Autoportrait de l'auteur en coureur de fond d’Haruki Murakami (Belfond, 2009)

Célèbre écrivain japonais, on doit à Haruki Murakami divers romans, nouvelles et autres essais. Parmi ces derniers, Autoportrait de l’auteur en coureur de fond nous intéresse tout particulièrement, tant il s’ancre dans la thématique de la 8e édition des Nuits de la lecture. Dans cet ouvrage, il analyse et interroge son rapport au corps via le prisme de la pratique de la course à pied que l’écrivain joggeur pratique quotidiennement. En janvier 2014, lors d’un entretien accordé à l’hebdomadaire allemand Die Zeit, il déclara en ce sens :

« Je ne fais pas […] du sport parce que c'est sain. En réalité, c'est davantage un mécanisme métaphysique. Je veux pouvoir échapper au corps. […] Mais ça ne marche que si j'en ai pleine possession. Le corps doit être un temple. Une structure stable dont je puisse me libérer. » **

Il termine son essai sur ces mots : « Un jour, si je possède une tombe et que je suis libre de choisir ce qui sera gravé dessus, voilà ce que j’aimerais y lire : "Écrivain (et coureur) au moins jusqu’au bout il n’aura pas marché." »

 

Courir de Jean Echenoz (Éditions de Minuit, 2008)
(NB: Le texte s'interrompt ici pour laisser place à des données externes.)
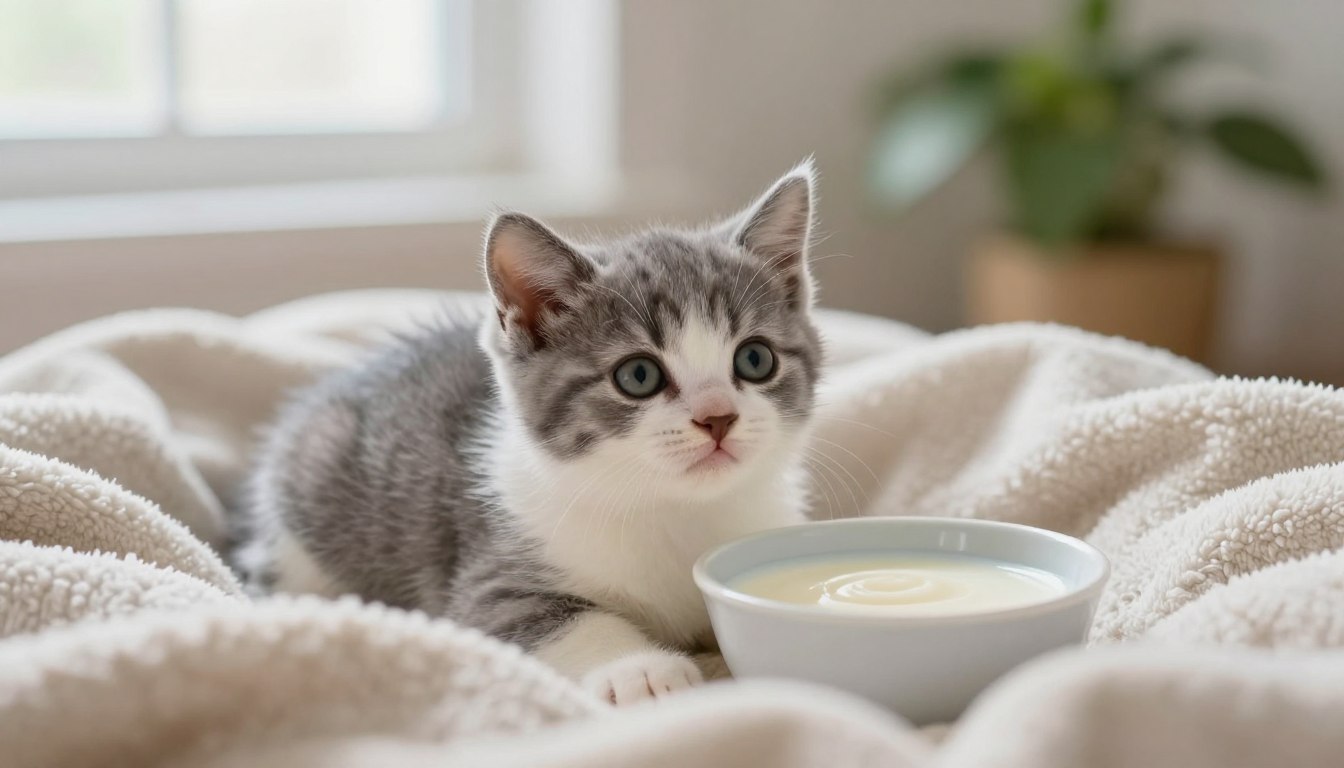 Jak karmić małego kota bez matki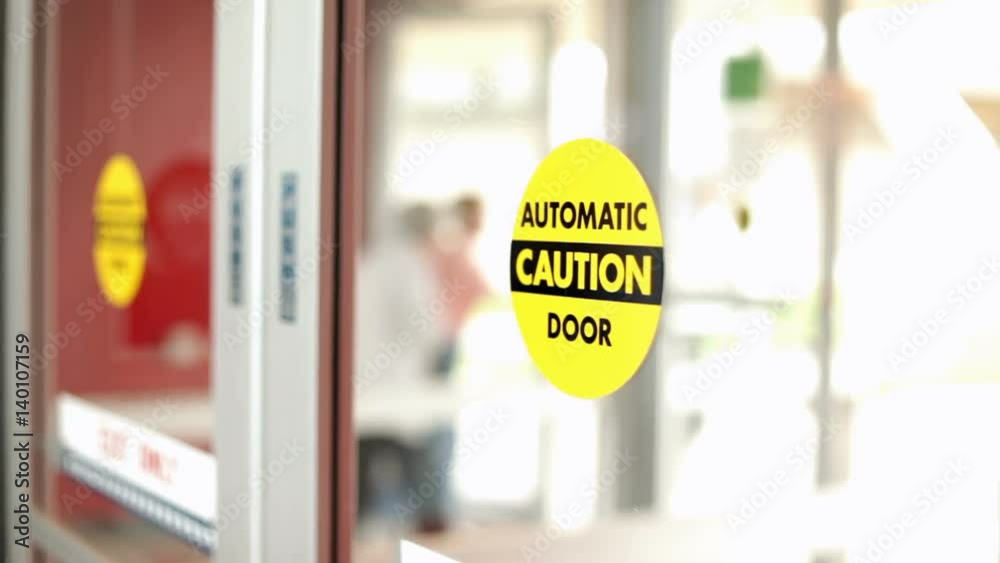 Door opens and closes automatically for guests.
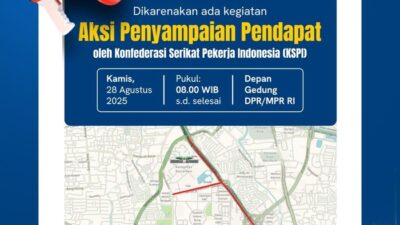 Demo Buruh Hari Ini, Polisi Imbau Masyarakat Hindari Jalan di Sekitar DPR RI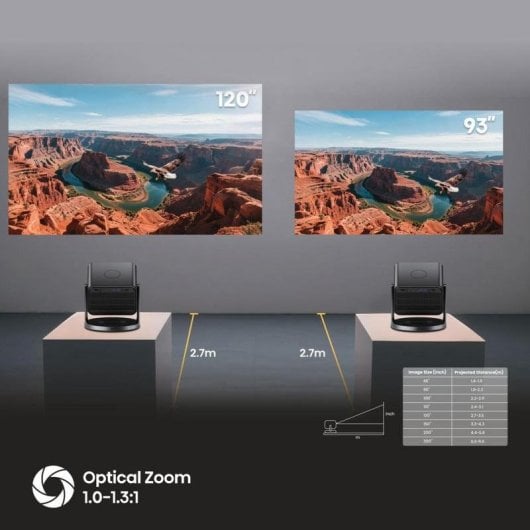 Projecteur Hisense C3 UHD 4K 2500 Lumens 300" Laser DLP Smart TV JBL Dolby Atmos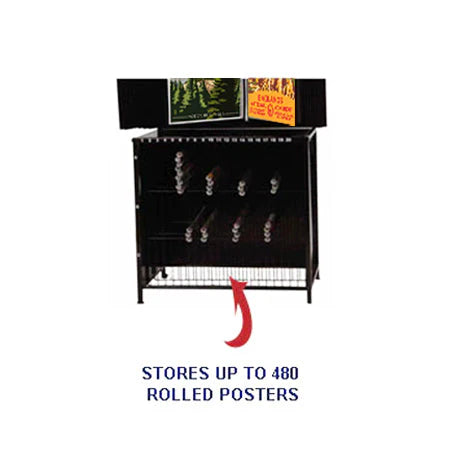 Stash Cartel Poster Display Rack — 10-Panel & 30-Panel Options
Jean Echenoz ne court pas, loin s’en faut. Alors pourquoi a-t-il consacré quelque 140 pages à Emil Zatopek, au départ ouvrier tchèque mis à la course sur ordre de la Wehrmacht qui vient d'annexer son pays et n’a de cesse de marteler que le sport fortifie la race ? Certainement pas pour les chiffres, qui l’intéressent assez peu. Loin de le dépeindre comme un surhomme, il s'attache surtout à montrer le goût et le sens de l'effort de celui que l'on surnomma la "locomotive tchèque". « Il aime le prosaïsme de l'effort, la douleur réelle, les grimaces, le dédain du beau style et "cette allure bizarre et fatiguée, montée sur des gestes roidis d'automate", le "perpétuel dodelinement de la tête et le moulin permanent (des) bras". En fait, ce qu'il aime par-dessus tout, c'est la légèreté et la grâce, la foulée et l'envol, associés, comme la carpe et le lapin, au corps pesant, souffrant. » ***

 

* Amandine Schmitt, « On est passé de la "course à pied" au "running" pour des raisons marketing », BibliObs, jeudi 17 mai 2018.

** Ronald Düker, « Besuch beim japanischen Schriftsteller Haruki Murakami : “Es gibt nicht nur eine Realität” »,  Die Zeit, n°3/2014, jeudi 16 janvier 2014.

*** Patrick Kéchichian, « "Courir", de Jean Echenoz : une course jubilatoire », Le Mondes des livres, 9 octobre 2008.